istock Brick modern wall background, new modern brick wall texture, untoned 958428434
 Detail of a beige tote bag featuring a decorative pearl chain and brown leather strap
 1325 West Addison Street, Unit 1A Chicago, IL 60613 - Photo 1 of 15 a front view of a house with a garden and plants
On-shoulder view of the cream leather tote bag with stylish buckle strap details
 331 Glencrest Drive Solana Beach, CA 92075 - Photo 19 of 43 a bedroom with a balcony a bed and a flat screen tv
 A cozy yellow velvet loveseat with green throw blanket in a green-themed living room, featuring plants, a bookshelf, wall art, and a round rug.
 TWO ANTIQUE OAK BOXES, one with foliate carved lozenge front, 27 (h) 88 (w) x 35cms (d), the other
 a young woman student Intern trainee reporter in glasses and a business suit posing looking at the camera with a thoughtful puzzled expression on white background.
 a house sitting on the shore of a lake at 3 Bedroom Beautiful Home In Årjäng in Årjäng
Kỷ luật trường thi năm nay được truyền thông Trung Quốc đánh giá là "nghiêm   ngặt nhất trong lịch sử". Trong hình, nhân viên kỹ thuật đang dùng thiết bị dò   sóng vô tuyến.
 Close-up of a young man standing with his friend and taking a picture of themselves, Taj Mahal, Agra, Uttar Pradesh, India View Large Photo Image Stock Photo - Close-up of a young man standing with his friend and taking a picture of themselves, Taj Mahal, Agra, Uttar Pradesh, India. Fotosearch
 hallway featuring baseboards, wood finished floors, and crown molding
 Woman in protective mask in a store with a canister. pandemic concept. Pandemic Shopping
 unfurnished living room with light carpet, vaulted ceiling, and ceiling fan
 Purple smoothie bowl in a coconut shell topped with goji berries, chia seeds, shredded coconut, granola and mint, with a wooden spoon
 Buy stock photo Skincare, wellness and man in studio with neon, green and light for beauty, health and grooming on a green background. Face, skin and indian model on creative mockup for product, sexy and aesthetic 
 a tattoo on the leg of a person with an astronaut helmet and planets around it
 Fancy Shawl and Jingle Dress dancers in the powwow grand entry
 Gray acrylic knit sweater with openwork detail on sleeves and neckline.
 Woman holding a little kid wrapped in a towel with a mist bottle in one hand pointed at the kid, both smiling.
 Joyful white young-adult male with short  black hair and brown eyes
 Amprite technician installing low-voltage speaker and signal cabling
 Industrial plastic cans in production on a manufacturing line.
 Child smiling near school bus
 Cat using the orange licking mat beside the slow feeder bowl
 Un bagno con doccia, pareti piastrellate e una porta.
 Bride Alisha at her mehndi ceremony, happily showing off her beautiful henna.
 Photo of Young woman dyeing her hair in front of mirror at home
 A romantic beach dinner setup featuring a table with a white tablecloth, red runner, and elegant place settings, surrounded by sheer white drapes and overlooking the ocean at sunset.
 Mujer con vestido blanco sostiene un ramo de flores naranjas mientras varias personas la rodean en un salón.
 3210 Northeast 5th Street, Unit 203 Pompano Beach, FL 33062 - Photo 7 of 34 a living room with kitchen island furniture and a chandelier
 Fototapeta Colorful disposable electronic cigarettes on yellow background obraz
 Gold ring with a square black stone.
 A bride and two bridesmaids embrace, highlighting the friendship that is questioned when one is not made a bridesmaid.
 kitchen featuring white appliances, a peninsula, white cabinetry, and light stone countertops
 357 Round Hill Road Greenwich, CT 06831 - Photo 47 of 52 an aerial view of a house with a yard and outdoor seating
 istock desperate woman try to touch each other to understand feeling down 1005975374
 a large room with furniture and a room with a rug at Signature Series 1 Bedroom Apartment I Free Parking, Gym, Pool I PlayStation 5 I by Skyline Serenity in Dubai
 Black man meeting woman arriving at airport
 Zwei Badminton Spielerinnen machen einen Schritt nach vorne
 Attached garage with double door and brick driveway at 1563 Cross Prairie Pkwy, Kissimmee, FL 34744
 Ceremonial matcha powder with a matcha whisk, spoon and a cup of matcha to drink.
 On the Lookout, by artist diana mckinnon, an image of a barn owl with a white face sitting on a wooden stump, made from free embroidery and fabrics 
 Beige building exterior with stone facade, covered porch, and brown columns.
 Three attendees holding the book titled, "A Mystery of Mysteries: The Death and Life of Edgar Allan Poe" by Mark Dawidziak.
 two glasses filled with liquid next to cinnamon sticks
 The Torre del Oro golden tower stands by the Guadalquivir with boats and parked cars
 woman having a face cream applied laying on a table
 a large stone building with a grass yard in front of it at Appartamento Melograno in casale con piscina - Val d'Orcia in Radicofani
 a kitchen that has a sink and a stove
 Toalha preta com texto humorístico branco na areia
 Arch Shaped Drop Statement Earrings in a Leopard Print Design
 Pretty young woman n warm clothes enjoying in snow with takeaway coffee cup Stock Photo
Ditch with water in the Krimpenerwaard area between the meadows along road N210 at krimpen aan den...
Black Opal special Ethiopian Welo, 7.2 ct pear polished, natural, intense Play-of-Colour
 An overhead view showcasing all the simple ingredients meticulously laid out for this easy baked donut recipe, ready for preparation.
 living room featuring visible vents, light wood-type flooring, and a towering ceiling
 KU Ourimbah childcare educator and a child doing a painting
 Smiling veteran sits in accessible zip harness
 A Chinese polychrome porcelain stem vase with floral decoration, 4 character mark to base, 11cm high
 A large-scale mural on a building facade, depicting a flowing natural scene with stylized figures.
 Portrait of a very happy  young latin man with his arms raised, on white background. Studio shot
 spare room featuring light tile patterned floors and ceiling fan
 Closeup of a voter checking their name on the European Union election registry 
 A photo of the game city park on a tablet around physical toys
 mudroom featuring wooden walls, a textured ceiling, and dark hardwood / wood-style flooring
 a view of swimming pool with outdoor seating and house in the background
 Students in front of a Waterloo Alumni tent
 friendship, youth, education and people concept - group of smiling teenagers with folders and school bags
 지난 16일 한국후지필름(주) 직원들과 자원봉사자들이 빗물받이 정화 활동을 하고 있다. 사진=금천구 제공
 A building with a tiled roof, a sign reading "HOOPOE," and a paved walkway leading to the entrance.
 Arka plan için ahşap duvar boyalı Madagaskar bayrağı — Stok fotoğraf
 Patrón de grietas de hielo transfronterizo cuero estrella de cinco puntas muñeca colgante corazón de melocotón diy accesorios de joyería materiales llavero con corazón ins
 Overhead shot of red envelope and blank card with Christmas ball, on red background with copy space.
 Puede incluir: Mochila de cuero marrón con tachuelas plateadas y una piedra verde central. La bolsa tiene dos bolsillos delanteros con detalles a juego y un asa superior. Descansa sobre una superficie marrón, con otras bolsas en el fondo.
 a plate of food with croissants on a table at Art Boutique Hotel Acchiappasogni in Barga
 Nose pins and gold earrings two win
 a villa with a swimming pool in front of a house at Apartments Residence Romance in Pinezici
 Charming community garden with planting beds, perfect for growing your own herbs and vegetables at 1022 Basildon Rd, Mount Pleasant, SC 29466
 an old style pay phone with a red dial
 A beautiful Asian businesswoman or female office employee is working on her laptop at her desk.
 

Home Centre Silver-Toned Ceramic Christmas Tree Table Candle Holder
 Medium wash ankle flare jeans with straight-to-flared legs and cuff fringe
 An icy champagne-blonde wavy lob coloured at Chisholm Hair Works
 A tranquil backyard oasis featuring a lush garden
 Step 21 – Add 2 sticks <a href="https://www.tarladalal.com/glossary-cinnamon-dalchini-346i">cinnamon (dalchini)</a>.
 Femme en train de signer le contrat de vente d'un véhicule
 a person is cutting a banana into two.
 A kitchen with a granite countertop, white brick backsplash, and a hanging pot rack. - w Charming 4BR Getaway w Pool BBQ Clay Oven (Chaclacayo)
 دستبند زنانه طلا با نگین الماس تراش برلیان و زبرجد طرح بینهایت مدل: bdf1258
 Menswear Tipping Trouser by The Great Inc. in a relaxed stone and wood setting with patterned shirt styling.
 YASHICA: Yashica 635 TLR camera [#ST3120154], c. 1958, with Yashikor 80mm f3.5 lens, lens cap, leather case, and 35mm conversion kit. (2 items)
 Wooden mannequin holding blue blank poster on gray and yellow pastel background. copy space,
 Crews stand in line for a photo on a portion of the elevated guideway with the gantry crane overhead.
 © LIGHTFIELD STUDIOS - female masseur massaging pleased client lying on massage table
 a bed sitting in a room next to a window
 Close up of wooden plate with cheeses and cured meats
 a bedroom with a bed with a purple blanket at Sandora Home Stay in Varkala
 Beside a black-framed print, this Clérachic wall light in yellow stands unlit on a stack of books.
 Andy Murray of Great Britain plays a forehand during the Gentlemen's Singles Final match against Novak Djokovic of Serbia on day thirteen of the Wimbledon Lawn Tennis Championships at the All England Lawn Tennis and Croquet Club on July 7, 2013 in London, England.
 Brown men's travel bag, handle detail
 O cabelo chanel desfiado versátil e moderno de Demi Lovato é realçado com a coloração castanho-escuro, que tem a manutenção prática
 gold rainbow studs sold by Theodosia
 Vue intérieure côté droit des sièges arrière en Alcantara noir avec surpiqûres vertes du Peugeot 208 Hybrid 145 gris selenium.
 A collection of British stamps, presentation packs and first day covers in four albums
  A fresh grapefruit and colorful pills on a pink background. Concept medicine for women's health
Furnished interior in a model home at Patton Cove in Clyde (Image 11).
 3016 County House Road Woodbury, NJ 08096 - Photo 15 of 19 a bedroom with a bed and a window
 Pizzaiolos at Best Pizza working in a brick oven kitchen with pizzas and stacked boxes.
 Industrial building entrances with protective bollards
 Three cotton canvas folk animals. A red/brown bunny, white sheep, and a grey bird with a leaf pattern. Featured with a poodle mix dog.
—————
In the entries above, find the line holding "Crews stand in" and the line holding "Beside a black-framed", then retype exactly those two lines and every line between them, and nothing else.

- **Exercise solution**
 Crews stand in line for a photo on a portion of the elevated guideway with the gantry crane overhead.
 © LIGHTFIELD STUDIOS - female masseur massaging pleased client lying on massage table
 a bed sitting in a room next to a window
 Close up of wooden plate with cheeses and cured meats
 a bedroom with a bed with a purple blanket at Sandora Home Stay in Varkala
 Beside a black-framed print, this Clérachic wall light in yellow stands unlit on a stack of books.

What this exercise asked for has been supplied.